The steps mirror those taken in dioceses across the United States as the church copes with a dwindling and aging priesthood. They have imported more foreign-born clergy, welcomed Episcopal priests into the church, and have ordained more permanent deacons.

About 100 lay men and women, many of them already leaders in their parishes, will meet with O'Brien on Thursday at St. Joseph Church in Fullerton.

More than 300 others have attended two previous sessions on the issue, which were held earlier this month in Severn and Libertytown. O'Brien and his director of evangelization are using the gatherings to launch "Equip for Ministry," an effort to create a deeper culture of spirituality in parishes and schools.

Church leaders will focus on preparing the laity for involvement in worship, Catholic schools, outreach and youth ministry. Laity can also help by taking Communion to the sick, leading prayer services and conducting Bible studies.

After the initial meetings, the archdiocese will offer parishes and schools training opportunities to help implement the program. The first classes start March 14 and continue for about a year in the city and every county in the archdiocese. Classes, which will involve both education and practical applications, will be available online, on DVD and at several locations in an effort to make training convenient for participants.

The twofold goal of evangelization is to return more Catholics to the church and to encourage a broader participation in the liturgy by the laity, officials said.

The archdiocese counts more than 500,000 Catholics among its membership, but only about a third of them attend Mass regularly, a statistic that reflects a nationwide trend, Caine said. About one in three baptized Catholics leaves the church in adulthood.

"These are statistics that concern us greatly," Caine said.

Even with the decline in the number of parishioners, the demands on pastors can be daunting. Increased lay participation will help ease those burdens, particularly on aging priests.

While the number of American Catholics has remained fairly constant at about 22 percent of the population — helped in part by growing Hispanic immigration — the number of priests continues to decline. Nearly half of the archdiocese's 153 active priests will reach the retirement age of 70 within the next 15 years, and 17 are already eligible to retire, church officials said.

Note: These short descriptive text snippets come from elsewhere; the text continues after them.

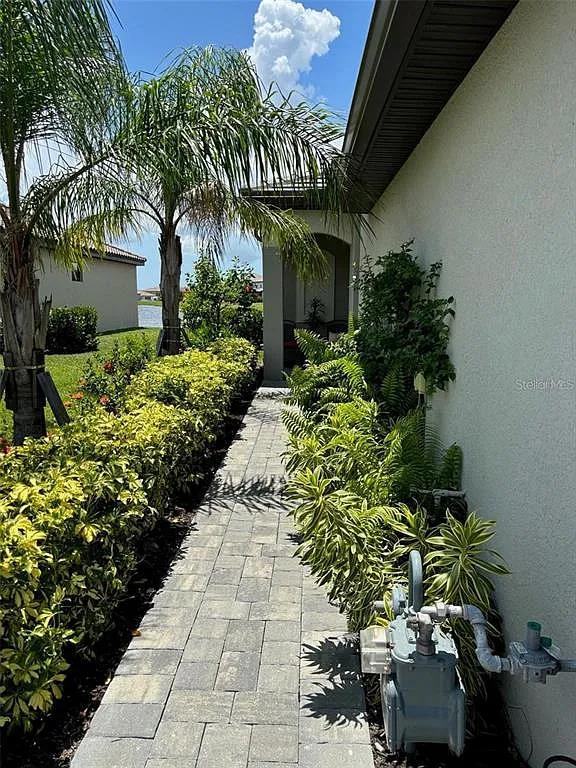 2 bed, 2.0 bath, 1557 sqft, $5,000 — Photo 2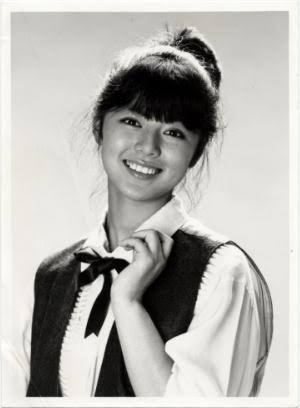 有名人のポニーテール画像を貼るトピ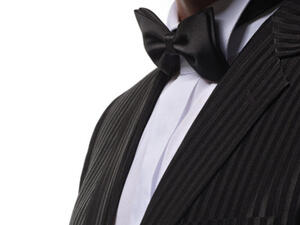 بدلة العريس... دليل أناقة الرجل في يوم الزفاف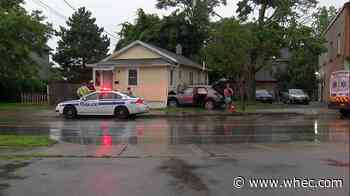 Car crashes into house on Central Park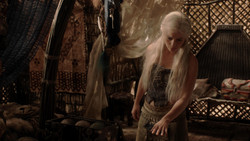 extant_GameOfThrones_1x04-CripplesBastardsAndBrokenThings_3913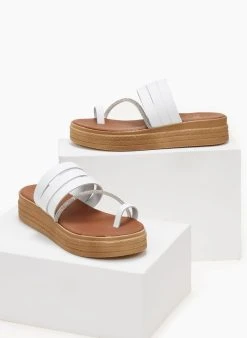 Flatforms δερμάτινα με λοξό στρας λουράκι Tfp - Λευκό 9 Flatforms δερμάτινα με λοξό στρας λουράκι Tfp - Λευκό -Κατάστημα TheFashionProject flatforms dermatina tfp me lokso strass louraki 105601 2exn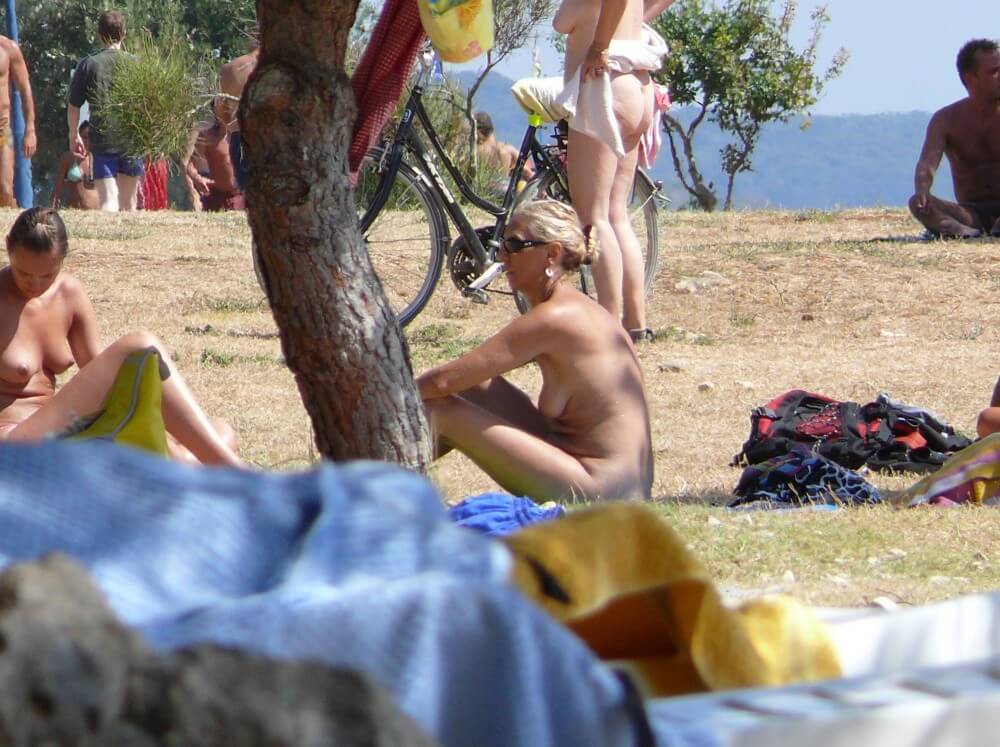 Ula FKK Shore Perspective pics - Down with Shame—Become a Nudist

Fewer men are entering the priesthood. One priest was ordained last year in the archdiocese and only one is expected to be ordained this year, officials said. If the trend continues, there may be fewer than 100 priests to serve 153 parishes within the next decade.

"The laity is going to have to take an increased role in the church," Caine said.

Church leaders have already asked parishes to evaluate Mass schedules and consider cutting back, particularly if similar services are offered nearby. In Baltimore City alone, there are 50 parishes with many daily and weekend Mass times overlapping. In some areas, such as older city neighborhoods and rural regions, parishes have combined and condensed schedules.

The discussion runs from 9 a.m. to 3 p.m. Thursday at St. Joseph, 8420 Belair Road.